With the images left out, print all of the records below exactly.

== Segment start ==

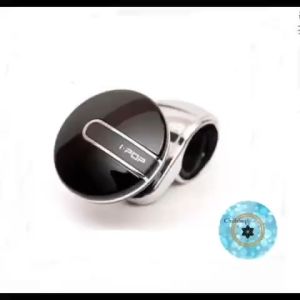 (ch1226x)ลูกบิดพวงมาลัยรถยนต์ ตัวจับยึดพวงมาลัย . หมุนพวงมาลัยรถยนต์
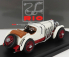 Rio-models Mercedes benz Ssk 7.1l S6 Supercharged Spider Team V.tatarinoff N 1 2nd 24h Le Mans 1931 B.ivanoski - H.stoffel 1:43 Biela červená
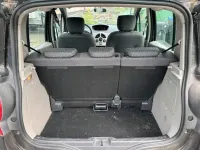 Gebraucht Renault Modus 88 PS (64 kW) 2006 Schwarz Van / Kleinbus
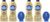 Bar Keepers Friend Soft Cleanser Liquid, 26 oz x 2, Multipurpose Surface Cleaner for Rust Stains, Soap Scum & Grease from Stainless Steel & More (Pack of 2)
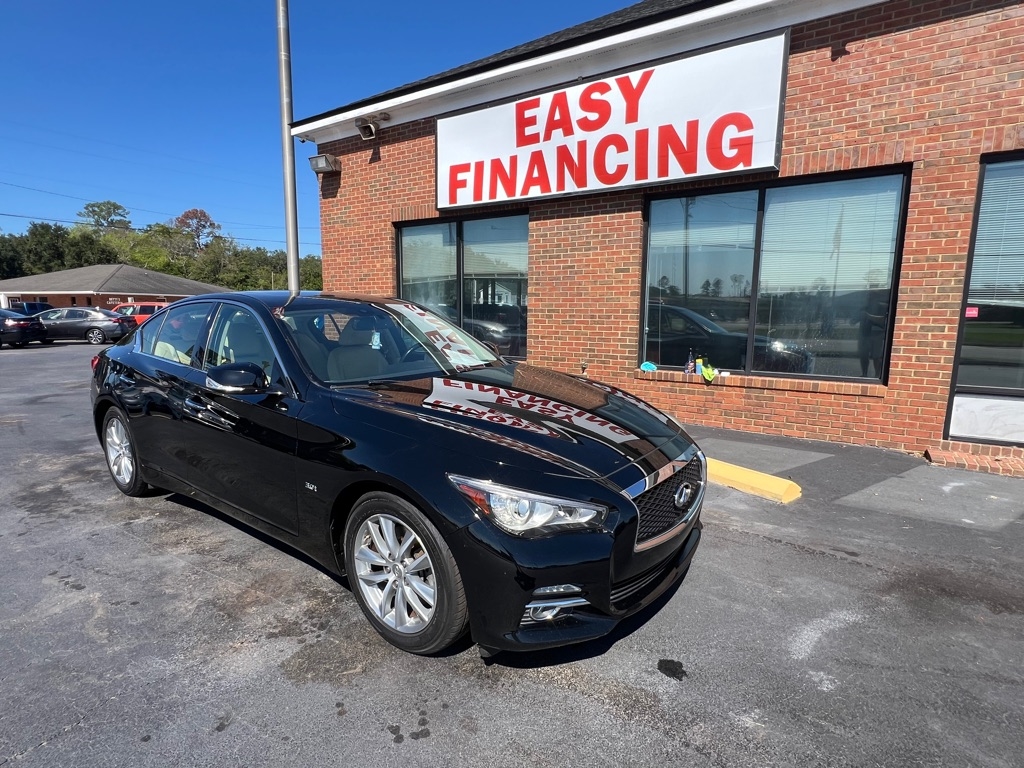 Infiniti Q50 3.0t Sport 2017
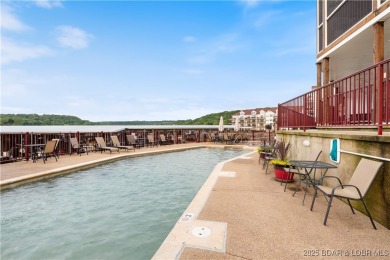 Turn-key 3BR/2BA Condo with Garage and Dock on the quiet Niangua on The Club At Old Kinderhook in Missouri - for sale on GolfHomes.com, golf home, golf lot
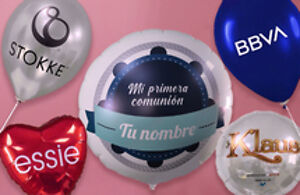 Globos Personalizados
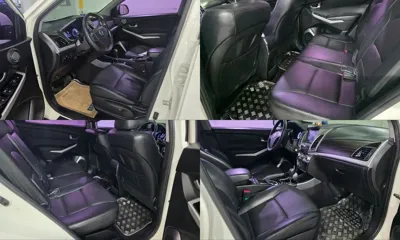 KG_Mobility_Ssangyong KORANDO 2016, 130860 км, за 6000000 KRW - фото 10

== Segment end ==

* _Answer area_
 (ch1226x)ลูกบิดพวงมาลัยรถยนต์ ตัวจับยึดพวงมาลัย . หมุนพวงมาลัยรถยนต์
 Rio-models Mercedes benz Ssk 7.1l S6 Supercharged Spider Team V.tatarinoff N 1 2nd 24h Le Mans 1931 B.ivanoski - H.stoffel 1:43 Biela červená
 Gebraucht Renault Modus 88 PS (64 kW) 2006 Schwarz Van / Kleinbus
 Bar Keepers Friend Soft Cleanser Liquid, 26 oz x 2, Multipurpose Surface Cleaner for Rust Stains, Soap Scum & Grease from Stainless Steel & More (Pack of 2)
 Infiniti Q50 3.0t Sport 2017
 Turn-key 3BR/2BA Condo with Garage and Dock on the quiet Niangua on The Club At Old Kinderhook in Missouri - for sale on GolfHomes.com, golf home, golf lot
 Globos Personalizados
 KG_Mobility_Ssangyong KORANDO 2016, 130860 км, за 6000000 KRW - фото 10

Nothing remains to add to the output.